* [WORK TO BE COMPLETED]:
Each line from the first down to the one containing "Versace skinnjacka med" should be returned exactly as it appears below.

───

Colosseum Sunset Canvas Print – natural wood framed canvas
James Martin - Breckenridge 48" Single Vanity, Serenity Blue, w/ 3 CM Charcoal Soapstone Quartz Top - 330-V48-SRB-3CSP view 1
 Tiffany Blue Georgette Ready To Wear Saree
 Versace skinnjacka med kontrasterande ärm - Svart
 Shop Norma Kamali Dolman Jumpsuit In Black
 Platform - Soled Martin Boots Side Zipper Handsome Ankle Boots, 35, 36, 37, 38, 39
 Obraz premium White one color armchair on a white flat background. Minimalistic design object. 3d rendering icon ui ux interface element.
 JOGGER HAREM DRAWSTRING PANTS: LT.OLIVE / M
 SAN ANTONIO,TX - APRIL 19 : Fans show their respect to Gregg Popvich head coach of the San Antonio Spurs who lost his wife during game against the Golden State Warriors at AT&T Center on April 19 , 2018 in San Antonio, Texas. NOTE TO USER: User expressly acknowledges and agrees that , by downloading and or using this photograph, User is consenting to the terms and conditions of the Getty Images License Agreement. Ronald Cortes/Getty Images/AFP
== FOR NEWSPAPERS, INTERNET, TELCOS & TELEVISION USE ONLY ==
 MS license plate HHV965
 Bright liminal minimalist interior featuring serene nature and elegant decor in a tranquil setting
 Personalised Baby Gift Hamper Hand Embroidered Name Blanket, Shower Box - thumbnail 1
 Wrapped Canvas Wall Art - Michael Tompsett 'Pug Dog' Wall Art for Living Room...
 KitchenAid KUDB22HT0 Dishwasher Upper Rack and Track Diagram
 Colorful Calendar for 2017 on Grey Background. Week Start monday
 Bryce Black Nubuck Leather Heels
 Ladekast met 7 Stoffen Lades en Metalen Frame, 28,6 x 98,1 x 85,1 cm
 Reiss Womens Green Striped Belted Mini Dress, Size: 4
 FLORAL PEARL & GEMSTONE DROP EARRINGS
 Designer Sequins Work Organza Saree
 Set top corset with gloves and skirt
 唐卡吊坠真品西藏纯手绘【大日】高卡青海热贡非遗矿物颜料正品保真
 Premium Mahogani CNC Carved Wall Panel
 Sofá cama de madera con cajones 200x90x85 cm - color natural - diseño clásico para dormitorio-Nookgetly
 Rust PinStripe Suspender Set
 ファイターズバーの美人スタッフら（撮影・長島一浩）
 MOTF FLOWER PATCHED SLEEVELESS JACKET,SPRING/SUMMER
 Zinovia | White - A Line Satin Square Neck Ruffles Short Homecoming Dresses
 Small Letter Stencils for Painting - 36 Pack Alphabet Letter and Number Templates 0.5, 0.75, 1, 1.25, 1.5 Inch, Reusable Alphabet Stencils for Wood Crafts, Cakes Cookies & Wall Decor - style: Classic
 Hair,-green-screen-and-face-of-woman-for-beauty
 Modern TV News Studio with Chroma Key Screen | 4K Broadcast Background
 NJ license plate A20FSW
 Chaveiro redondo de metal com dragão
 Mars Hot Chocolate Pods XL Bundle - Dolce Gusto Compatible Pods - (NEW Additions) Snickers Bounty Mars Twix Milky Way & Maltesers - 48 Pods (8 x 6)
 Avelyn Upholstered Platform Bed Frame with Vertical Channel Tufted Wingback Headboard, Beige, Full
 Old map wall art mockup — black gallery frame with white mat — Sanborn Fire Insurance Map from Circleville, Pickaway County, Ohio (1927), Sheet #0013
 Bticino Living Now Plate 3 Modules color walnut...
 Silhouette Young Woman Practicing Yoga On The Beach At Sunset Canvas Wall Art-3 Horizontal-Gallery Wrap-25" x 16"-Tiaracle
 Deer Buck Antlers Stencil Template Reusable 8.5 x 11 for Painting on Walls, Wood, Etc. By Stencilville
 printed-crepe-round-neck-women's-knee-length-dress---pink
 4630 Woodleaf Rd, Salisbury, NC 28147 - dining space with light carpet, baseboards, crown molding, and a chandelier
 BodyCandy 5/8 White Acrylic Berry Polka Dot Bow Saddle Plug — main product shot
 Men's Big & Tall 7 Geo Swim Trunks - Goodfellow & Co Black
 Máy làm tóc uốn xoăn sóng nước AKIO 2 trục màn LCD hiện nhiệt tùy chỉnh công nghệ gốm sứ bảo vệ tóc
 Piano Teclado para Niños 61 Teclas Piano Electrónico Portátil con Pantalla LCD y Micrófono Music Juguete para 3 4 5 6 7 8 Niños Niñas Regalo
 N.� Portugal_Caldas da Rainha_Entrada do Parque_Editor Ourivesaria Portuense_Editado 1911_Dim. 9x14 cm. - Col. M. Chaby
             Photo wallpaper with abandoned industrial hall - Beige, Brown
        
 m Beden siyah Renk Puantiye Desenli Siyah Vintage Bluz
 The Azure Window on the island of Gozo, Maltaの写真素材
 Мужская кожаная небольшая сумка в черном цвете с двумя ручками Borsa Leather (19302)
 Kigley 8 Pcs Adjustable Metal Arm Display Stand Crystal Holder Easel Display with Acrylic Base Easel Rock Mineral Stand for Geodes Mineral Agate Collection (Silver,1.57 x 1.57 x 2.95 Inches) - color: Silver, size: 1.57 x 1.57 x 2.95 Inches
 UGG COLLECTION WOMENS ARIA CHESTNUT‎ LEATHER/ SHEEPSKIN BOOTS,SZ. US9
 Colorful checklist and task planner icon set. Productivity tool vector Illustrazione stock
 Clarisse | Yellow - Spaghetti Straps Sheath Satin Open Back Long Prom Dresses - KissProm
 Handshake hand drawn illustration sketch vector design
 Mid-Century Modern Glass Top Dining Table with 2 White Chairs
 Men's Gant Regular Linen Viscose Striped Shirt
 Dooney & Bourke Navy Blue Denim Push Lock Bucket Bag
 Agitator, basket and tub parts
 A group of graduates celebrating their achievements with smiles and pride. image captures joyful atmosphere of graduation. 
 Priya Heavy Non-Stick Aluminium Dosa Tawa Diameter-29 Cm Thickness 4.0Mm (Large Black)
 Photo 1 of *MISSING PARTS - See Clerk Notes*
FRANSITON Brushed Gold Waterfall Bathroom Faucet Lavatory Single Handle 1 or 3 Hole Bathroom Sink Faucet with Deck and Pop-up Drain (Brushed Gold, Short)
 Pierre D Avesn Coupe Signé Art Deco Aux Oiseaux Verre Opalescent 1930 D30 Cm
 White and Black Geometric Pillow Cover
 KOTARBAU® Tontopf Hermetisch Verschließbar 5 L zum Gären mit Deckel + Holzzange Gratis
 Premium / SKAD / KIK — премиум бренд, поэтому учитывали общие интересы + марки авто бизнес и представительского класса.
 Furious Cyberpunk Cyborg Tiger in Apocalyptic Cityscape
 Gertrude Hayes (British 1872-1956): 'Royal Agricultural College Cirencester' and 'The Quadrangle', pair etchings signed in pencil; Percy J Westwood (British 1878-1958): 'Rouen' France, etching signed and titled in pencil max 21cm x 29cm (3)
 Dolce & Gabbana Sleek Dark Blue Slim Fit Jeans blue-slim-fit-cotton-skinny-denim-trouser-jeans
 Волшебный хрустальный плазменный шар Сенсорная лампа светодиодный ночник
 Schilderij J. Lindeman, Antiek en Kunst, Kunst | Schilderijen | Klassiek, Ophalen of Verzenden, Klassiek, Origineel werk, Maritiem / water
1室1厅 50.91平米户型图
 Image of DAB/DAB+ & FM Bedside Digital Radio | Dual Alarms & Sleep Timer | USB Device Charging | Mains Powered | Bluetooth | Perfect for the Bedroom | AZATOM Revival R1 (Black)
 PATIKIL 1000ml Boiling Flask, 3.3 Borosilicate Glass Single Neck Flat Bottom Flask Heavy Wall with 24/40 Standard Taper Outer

───

* [SOLUTION BELOW]:
Colosseum Sunset Canvas Print – natural wood framed canvas
James Martin - Breckenridge 48" Single Vanity, Serenity Blue, w/ 3 CM Charcoal Soapstone Quartz Top - 330-V48-SRB-3CSP view 1
 Tiffany Blue Georgette Ready To Wear Saree
 Versace skinnjacka med kontrasterande ärm - Svart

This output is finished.